Degli sconosciuti vengono riuniti in una stanza e ripresi mentre danno sfogo liberamente alle loro fantasie più intime, privi di inibizioni sociali che appaiono, ormai, solo un flebile ricordo del mondo esterno. Il risultato è straordinario. La convivenza forzata in un ambiente così circoscritto consente ai protagonisti di lasciarsi trasportare dall’euforia che li assale prepotentemente: si assiste a due ore e mezza di tripudio sfrenato in cui uomini e donne, truccandosi e indossando abiti da cerimonia, mettono in scena i propri desideri più reconditi, che appaiono come delle esibizioni puerili, ma altamente sensuali e lussureggianti, pervase da grande erotismo.
Il film si concretizza in un’opera sperimentale visivamente perfetta, che esplora in modo ineguagliabile le interazioni emotive e fisiche che si instaurano tra individui liberi di esprimersi in completa autonomia. I personaggi coinvolti poco a poco si manifestano e, paradossalmente, appaiono più autentici in questa condizione anomala che non nella realtà: si riconoscono e trovano sé stessi nei costumi che indossano, si sentono liberi di esprimere la vitalità, l’esuberanza, la trasgressione represse grazie all’assenza delle barriere convenzionali e precostituite, come se avvenisse la rivelazione dell’io sopito a lungo nella comunità esterna.

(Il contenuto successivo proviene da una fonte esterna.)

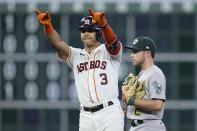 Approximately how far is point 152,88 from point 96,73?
2.10 ft

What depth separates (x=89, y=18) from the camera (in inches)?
247

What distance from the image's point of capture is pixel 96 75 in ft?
20.3

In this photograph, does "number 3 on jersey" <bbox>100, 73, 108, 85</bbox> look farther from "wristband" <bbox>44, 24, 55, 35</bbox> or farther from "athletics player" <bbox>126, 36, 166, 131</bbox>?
"wristband" <bbox>44, 24, 55, 35</bbox>

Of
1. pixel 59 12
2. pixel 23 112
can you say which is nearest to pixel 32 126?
pixel 23 112

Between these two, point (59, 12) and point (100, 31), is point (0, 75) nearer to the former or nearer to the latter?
point (59, 12)

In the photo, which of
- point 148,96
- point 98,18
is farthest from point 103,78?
point 98,18

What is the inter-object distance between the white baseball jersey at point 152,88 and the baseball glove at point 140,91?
0.10 feet

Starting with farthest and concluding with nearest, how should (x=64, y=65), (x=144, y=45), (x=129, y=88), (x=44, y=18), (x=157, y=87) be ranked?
(x=64, y=65) < (x=44, y=18) < (x=144, y=45) < (x=129, y=88) < (x=157, y=87)

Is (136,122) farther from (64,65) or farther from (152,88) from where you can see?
(64,65)

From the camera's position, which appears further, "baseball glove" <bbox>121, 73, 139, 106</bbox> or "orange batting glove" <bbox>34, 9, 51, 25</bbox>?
"orange batting glove" <bbox>34, 9, 51, 25</bbox>

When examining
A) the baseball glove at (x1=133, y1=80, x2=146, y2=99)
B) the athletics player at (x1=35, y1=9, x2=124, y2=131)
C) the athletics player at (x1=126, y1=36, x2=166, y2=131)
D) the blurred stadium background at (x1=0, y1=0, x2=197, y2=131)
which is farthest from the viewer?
the blurred stadium background at (x1=0, y1=0, x2=197, y2=131)

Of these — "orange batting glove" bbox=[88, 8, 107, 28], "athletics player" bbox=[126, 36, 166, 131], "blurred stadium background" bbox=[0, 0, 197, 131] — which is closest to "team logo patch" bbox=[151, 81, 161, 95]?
"athletics player" bbox=[126, 36, 166, 131]

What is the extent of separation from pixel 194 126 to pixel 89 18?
22020 mm

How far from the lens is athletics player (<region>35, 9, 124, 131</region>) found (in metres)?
6.07
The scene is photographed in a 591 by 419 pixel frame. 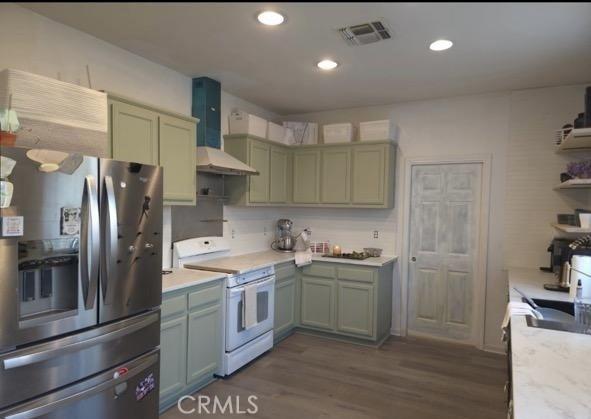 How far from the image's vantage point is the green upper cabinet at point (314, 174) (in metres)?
4.03

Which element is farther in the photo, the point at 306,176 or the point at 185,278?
the point at 306,176

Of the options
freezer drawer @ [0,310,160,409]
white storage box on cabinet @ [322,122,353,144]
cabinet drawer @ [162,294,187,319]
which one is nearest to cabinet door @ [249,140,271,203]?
white storage box on cabinet @ [322,122,353,144]

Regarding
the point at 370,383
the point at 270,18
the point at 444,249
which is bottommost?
the point at 370,383

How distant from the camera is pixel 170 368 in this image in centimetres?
266

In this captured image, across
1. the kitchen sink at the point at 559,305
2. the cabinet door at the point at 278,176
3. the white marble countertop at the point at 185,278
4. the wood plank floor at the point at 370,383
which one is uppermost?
the cabinet door at the point at 278,176

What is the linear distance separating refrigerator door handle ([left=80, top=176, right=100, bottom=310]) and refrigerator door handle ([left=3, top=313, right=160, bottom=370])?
0.18m

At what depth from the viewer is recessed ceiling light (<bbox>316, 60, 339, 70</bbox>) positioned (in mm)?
3088

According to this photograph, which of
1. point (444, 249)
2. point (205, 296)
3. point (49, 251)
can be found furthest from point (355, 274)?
point (49, 251)

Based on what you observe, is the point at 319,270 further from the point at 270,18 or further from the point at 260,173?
the point at 270,18

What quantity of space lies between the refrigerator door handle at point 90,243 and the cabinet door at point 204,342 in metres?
0.99

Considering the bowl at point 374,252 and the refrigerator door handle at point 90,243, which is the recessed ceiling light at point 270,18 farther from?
the bowl at point 374,252

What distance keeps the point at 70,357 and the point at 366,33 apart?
260cm

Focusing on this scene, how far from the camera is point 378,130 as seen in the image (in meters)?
4.18

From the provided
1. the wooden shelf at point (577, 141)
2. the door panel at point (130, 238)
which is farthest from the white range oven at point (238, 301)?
the wooden shelf at point (577, 141) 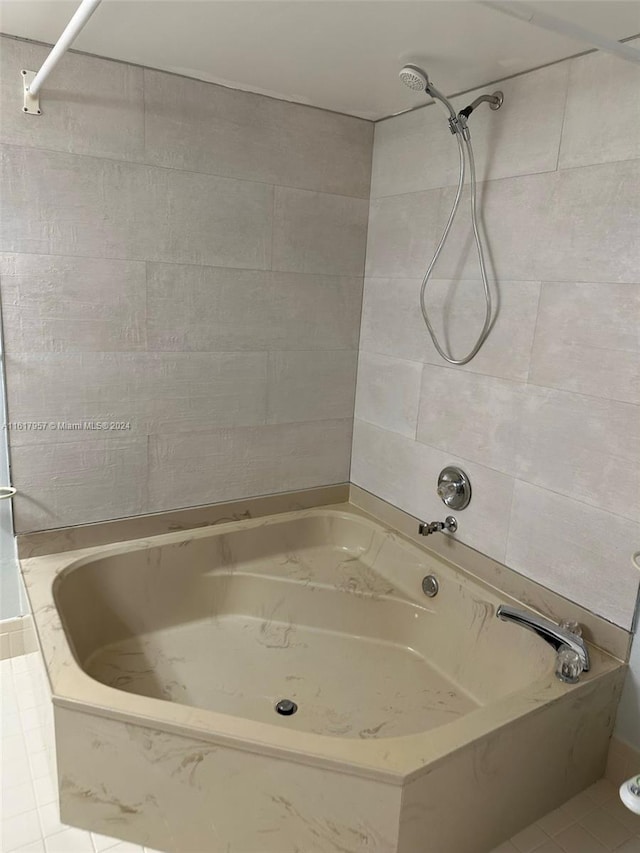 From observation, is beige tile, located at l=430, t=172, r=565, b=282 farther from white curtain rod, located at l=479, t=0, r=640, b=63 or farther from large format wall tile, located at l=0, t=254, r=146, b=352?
large format wall tile, located at l=0, t=254, r=146, b=352

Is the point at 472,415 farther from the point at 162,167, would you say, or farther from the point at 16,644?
the point at 16,644

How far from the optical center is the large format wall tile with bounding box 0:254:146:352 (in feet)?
6.18

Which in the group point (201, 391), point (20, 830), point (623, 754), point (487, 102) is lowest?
point (20, 830)

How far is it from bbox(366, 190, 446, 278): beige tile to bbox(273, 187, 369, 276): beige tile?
59mm

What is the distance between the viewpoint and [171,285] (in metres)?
2.11

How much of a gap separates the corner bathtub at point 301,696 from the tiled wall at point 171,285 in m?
0.30

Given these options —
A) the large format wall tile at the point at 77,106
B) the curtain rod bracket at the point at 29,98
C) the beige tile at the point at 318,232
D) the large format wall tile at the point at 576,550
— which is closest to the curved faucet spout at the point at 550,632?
the large format wall tile at the point at 576,550

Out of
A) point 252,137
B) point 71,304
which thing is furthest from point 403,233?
point 71,304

Il film è caratterizzato dall’assenza di dialogo ad eccezione di una piccola parte iniziale in cui una delle donne racconta la fiaba de “i 3 porcellini”. Questa peculiarità non pregiudica in alcun modo la complessità dell’opera, ma al contrario la eleva, fornendo una visione sensoriale di incredibile potenza e straordinaria bellezza, enfatizzata ancor più dal sonoro, una musica stridente ed ossessiva che accompagna costantemente tutto il film. Dwoskin, inoltre, riesce ad adoperare la cinepresa in modo tale da carpire l’interiorità e i sentimenti più profondi dei personaggi senza che li esprimano con le parole, soffermandosi sui volti, le espressioni e gli sguardi naturali, privi di artificio, dei protagonisti attraverso un uso intelligente dello zoom ed una straordinaria fluidità dei movimenti della camera, che risulta essere un occhio più sensibile di quello umano. La cinepresa arriva, così, a ricoprire un ruolo più importante del semplice mezzo filmico, divenendo l’interprete essenziale per codificare volti, espressioni e sguardi con cui i personaggi si esprimono e comunicano la loro interiorità altrimenti indecifrabile.
Central Bazaar è la manifestazione del cinema come arte originaria, viva, indefinita ed inesplicabile con la ragione. Un’opera mastodontica libera da ogni tipo di preconcetto e finalità di ogni tipo che non sia prettamente artistica, celebrazione della settima arte.